In a ruling last year the North Dakota Supreme Court found that campus police departments had been breaking the law by patrolling off-campus.

Now law enforcement is taking the issue to the Legislature, demanding that lawmakers overturn the Supreme Court and give campus cops permission to patrol off campus. To make the case, University of North Dakota Campus Police Chief Eric Plummer told lawmakers that DUI offenders and underage drinkers are going free because of the Supreme Court’s decision.

“Prior to the decision, we regularly patrolled the areas in and around campus and kept many DUI, property crime, and drugs offenders off of our campus property,” Plummer told a recent meeting of the interim Higher Education Committee via letter. “The limits posed by the Kroschel decision have restricted our officers to the point that DUI offenders are not being prosecuted once caught because of jurisdictional concerns. I fear that this is creating an atmosphere where a tragic situation is just around the corner.”

Plummer, though, is being more than a little misleading. I put in an open records request for information (ZIP file) pertaining to the cases Plummer referred to, and what I found is evidence that drunk drivers and other offenders are going unprosecuted because the cops are breaking the law by exceeding their jurisdictional boundaries.

Below is a PDF of a memorandum opinion in the State of North Dakota vs. Creamer pertaining to a DUI arrest near, but not on, the University of North Dakota campus (approximate location). The arrest happened in November of last year, months after the Supreme Court ruled that campus cops couldn’t patrol off campus.

In the opinion, District Judge Debbie Kleven found that the arresting UND police officer did not follow the Supreme Court’s guidance in addressing an off-campus infraction:

creamer

Chief Plummer says the Supreme Court ruling is restricting them to the point where people who break the law are not being held accountable. In reality, per this opinion in State vs. Creamer, the problem is that campus cops aren’t following the law even months after the state Supreme Court laid it down.

As the above excerpt shows the courts have given campus cops the means by which they can address off-campus crimes they come across – the arresting officer in the Creamer case could have made a citizens arrest and called in the Grand Forks PD and been in the clear – but instead the campus cops seem to want a blank check from the Legislature to patrol off campus.
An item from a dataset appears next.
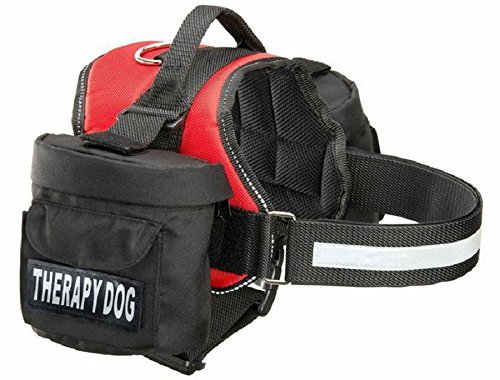 **Therapy Dog Harness with Removable Saddle Bag & 2 Patches – Adjustable Travel Carrier for Small to Medium Dogs – Perfect for Walking, Hiking & Outdoor Adventures**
That’s unfortunate. If anything we should be going to the opposite direction, away from redundant and expensive campus police forces to campus security backed by already-existing municipal/county law enforcement.

By the way, the court in the Creamer case also refused to accept a memorandum (PDF) sent out by the Attorney General’s office telling campus cops that they could still patrol and arrest near campuses, meaning the AG’s office has been giving the campus cops some bad legal advice. At least in the eyes of the courts.
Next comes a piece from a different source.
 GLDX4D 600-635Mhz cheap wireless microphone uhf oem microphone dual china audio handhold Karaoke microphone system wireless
In all the UND police department provided me with 13 cases (see all the cover letters below) which were dismissed, they argue, because of the court’s standing on jurisdiction. I ran them by Fargo attorney Mark Friese of the Vogel Law Firm  – an outspoken critic of campus police jurisdiction – and he said the real problem is that campus cops can’t seem to accept the court rulings on their jurisdiction.

“The information provided to you (including the State’s Attorney’s direction) shows this is pretty simple: quit making stops and arrests off campus—if there is a pressing issue, alert local police,” Friese told me in an email response to the records I obtained. “They’re trying to recast the issue as drunk drivers or adults under 21 with alcohol being set free, rather than casting it in the proper light: campus police continue to refuse to follow the law.”